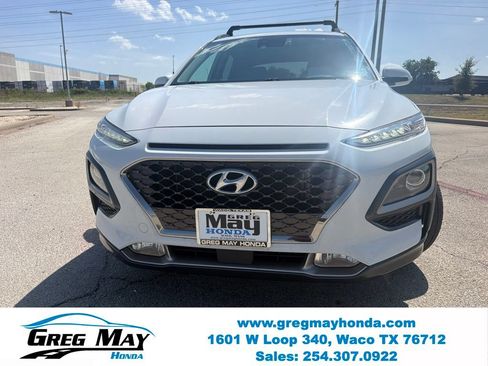 Used 2019 Hyundai Kona Ultimate FWD image 9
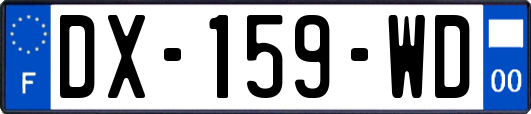 DX-159-WD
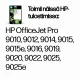 HP 963 4-Pack CMYK(4) Original Ink Cartridge Combo #2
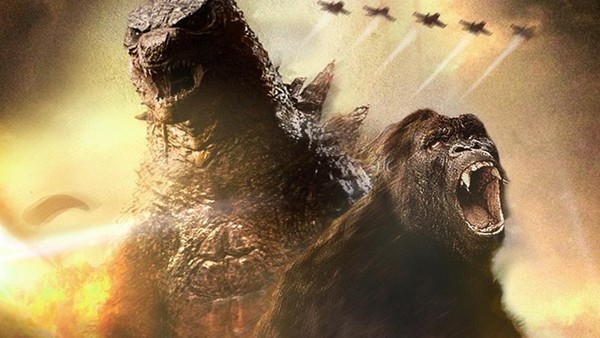 Godzilla V Kong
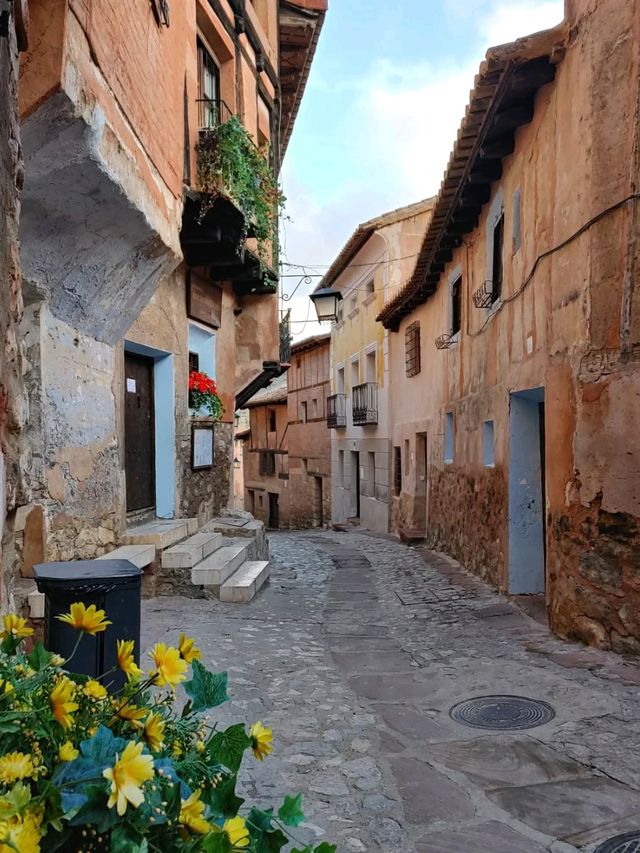Wandering Through a Real Life Storybook in Albarracín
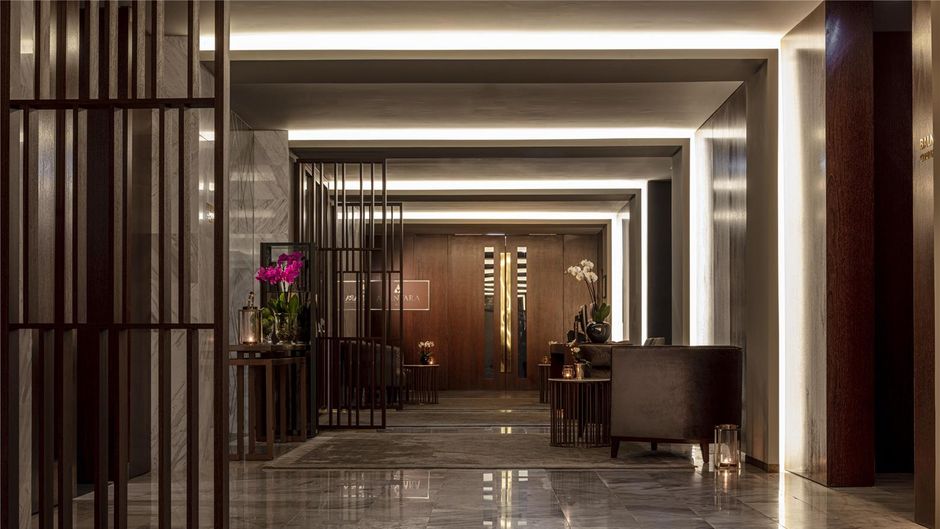 Tivoli Avenida Liberdade Lisboa Spa
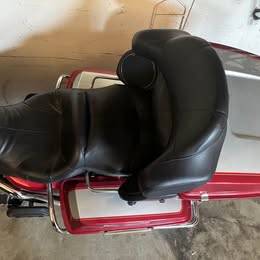 2004 Harley-Davidson, dovoz USA — foto 4 z 6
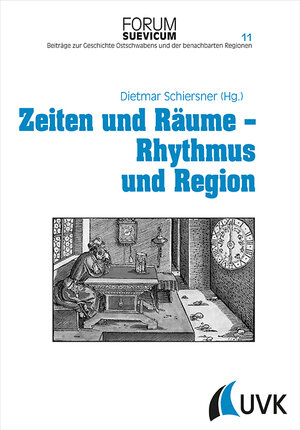 Buchcover Zeiten und Räume – Rhythmus und Region  | EAN 9783867646345 | ISBN 3-86764-634-1 | ISBN 978-3-86764-634-5
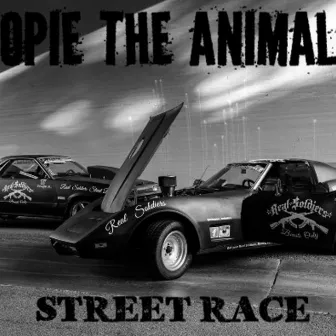 Street Race by Opie the Animal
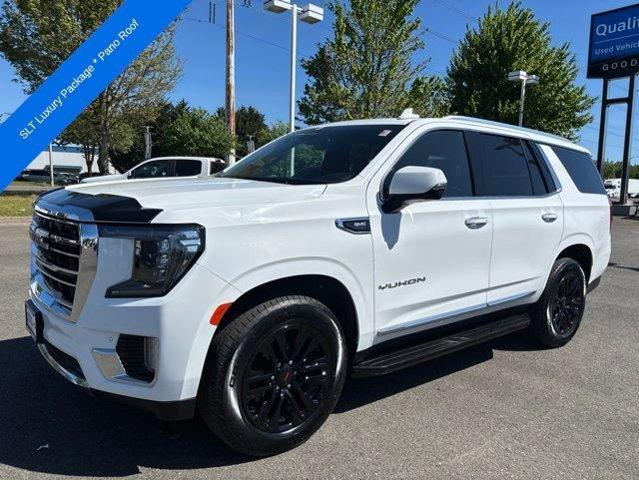 used 2024 GMC Yukon car, priced at $57,714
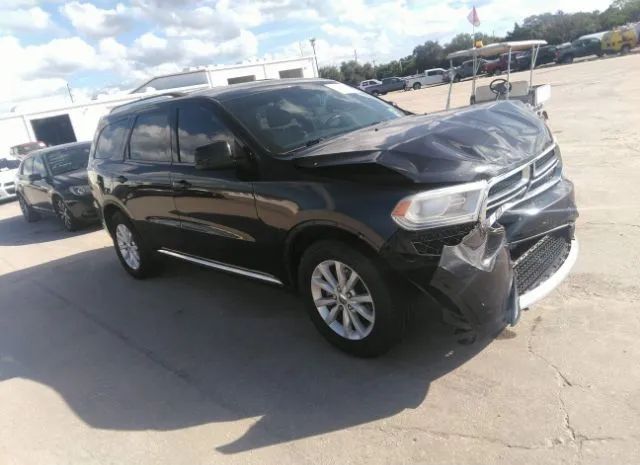 Dodge Durango (2014)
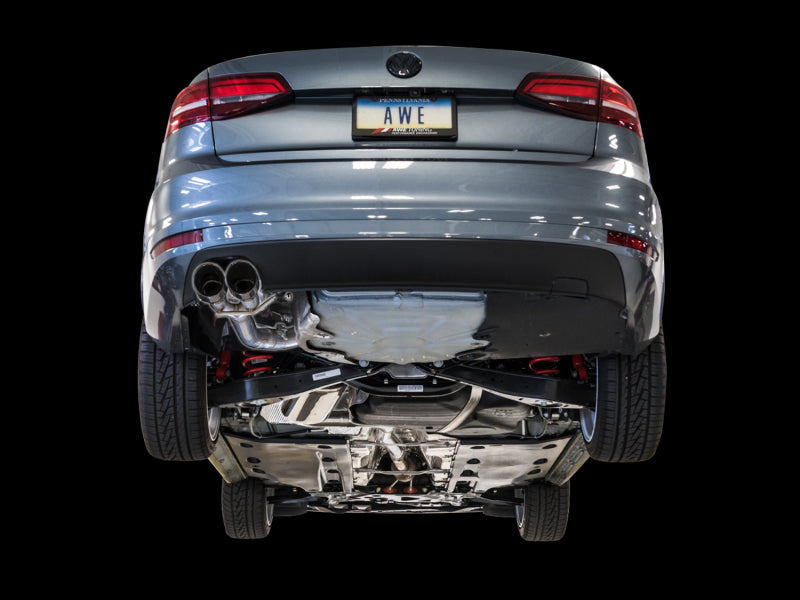 

AWE Tuning 3020-22032 - AWE3020-22032 - AWE Tuning 09-14 Volkswagen Jetta Mk6 1.4T Track Edition Exhaust - Chrome Silver Tips - Shipped in Europe - Tuningsupply.com
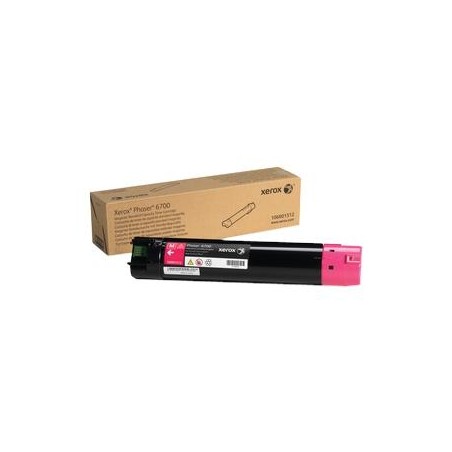 Xerox Phaser 6700 [106R01512] magenta eredeti toner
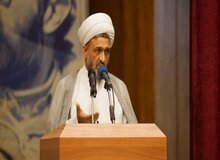 نماینده ولی‌فقیه در بسیج: هرکس مردم ایران را نا امید کند به کشور خود خیانت کرده است/  دشمنان می‌خواستند مردم را مأیوس کنند، اما نتیجه برعکس شد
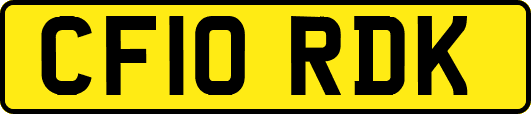 CF10RDK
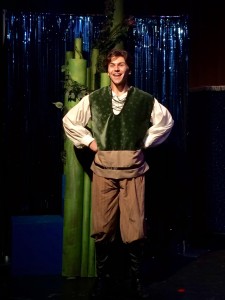 Jacob Shipley as Jack in Jack VS Rapunzel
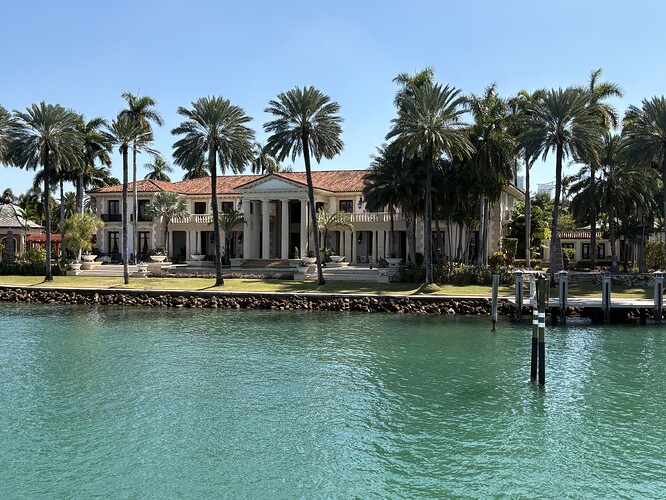 villa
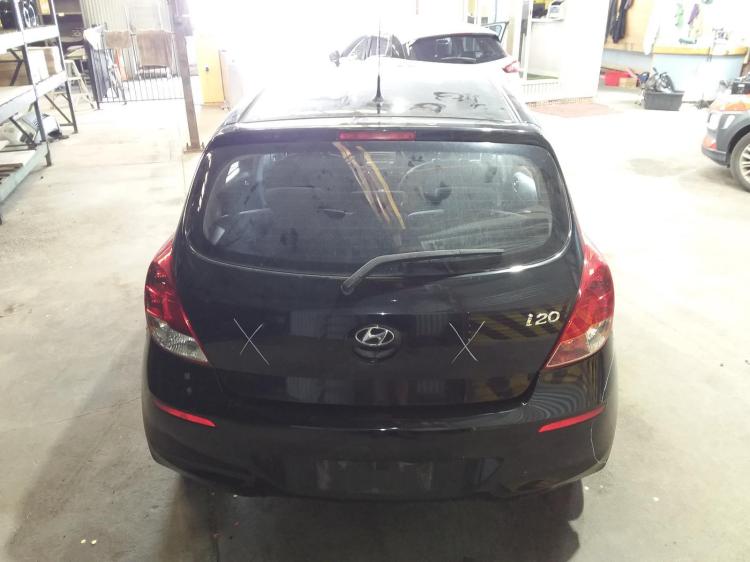 hyundai I20 PB Aug 2013 Parts & Wrecking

------------------------------------------------------------------------

● TASK REQUIREMENTS: Restate the entries word for word, though any image they contain should not appear.

● WRITTEN ANSWER:
 Used 2019 Hyundai Kona Ultimate FWD image 9
 DX-159-WD
 HP 963 4-Pack CMYK(4) Original Ink Cartridge Combo #2
 Godzilla V Kong
Wandering Through a Real Life Storybook in Albarracín
 Tivoli Avenida Liberdade Lisboa Spa
 2004 Harley-Davidson, dovoz USA — foto 4 z 6
 Buchcover Zeiten und Räume – Rhythmus und Region  | EAN 9783867646345 | ISBN 3-86764-634-1 | ISBN 978-3-86764-634-5
 Street Race by Opie the Animal
 used 2024 GMC Yukon car, priced at $57,714
 Dodge Durango (2014)

AWE Tuning 3020-22032 - AWE3020-22032 - AWE Tuning 09-14 Volkswagen Jetta Mk6 1.4T Track Edition Exhaust - Chrome Silver Tips - Shipped in Europe - Tuningsupply.com
 Xerox Phaser 6700 [106R01512] magenta eredeti toner
 نماینده ولی‌فقیه در بسیج: هرکس مردم ایران را نا امید کند به کشور خود خیانت کرده است/  دشمنان می‌خواستند مردم را مأیوس کنند، اما نتیجه برعکس شد
 CF10RDK
 Jacob Shipley as Jack in Jack VS Rapunzel
 villa
 hyundai I20 PB Aug 2013 Parts & Wrecking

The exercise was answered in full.